Cela procède d'une volonté politique.
Quelle est la stratégie mise en place par Christian Aid pour l'atteinte de ces objectifs ?
La stratégie d'intervention au Burkina Faso a été le renforcement des capacités techniques des parties prenantes du projet, la mobilisation des organisations de la société civile actives dans le domaine du genre et enfin l'influence des pouvoirs publics.
Durant les deux ans de mise en oeuvre, ce projet facilite la construction d'un plaidoyer en direction du ministère de l'Economie et des Finances ainsi qu'en direction de l'Assemblée législative de Transition, dans le but d'améliorer l'application de la budgétisation sensible au genre au Burkina Faso.
Entendu qu'au Burkina Faso, « le genre doit être analysé sous l'angle des inégalités et des disparités entre hommes et femmes en examinant les différentes catégories sociales dans le but d'une plus grande justice sociale et d'un développement équitable », (SNG 2020-2024).
Du 19 au 21 septembre 2024, Christian Aid a formé une trentaine de journalistes à la budgétisation sensible au genre à Koudougou.
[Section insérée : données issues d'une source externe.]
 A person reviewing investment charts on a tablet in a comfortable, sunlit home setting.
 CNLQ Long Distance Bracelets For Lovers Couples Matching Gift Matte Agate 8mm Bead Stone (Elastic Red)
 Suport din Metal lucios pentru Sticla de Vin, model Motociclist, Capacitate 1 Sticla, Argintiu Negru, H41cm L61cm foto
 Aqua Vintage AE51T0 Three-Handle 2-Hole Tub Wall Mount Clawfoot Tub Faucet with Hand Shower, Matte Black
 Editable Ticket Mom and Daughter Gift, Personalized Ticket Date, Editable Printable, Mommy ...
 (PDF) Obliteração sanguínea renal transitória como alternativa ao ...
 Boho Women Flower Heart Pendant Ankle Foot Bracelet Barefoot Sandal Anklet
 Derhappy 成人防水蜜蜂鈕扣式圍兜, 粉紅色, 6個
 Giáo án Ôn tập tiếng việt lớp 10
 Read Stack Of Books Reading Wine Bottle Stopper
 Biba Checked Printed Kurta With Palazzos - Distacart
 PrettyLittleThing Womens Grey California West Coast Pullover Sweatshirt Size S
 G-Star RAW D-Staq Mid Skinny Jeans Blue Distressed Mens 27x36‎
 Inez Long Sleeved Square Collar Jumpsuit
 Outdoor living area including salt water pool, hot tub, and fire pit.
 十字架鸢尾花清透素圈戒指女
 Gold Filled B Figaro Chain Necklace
Quelles sont vos attentes à l'issue de ce renforcement de capacités ?
En effet, 34 participants sur 38 attendus ont bénéficié de la formation sur la BSG, du 19 au 21 sept 2024, à Koudougou. L'objectif global visé est de renforcer les capacités de ces acteurs (hommes de médias) qui interviennent dans plusieurs domaines de la vie des populations, sur le processus de la BSG en vue d'améliorer leurs connaissances dans le domaine et de les rendre aptes à influencer le processus de plaidoyer en cours pour améliorer l'implémentation de la BSG au Burkina Faso.
Nous faisons le pari qu'au sortir de cette formation, les apprenants comprendront les enjeux de la BSG et seront à même de contribuer à des actions d'influence et de plaidoyer en faveur du genre dans leurs milieux de travail.
A ce jour, quels sont les acquis de ce plaidoyer ?
Nous envisageons dans les tous prochains jours de nous pencher sur cette question à travers l'organisation d'un atelier de redevabilité, d'apprentissage et de capitalisation des actions d'influence et de plaidoyer en faveur de l'application de la BSG.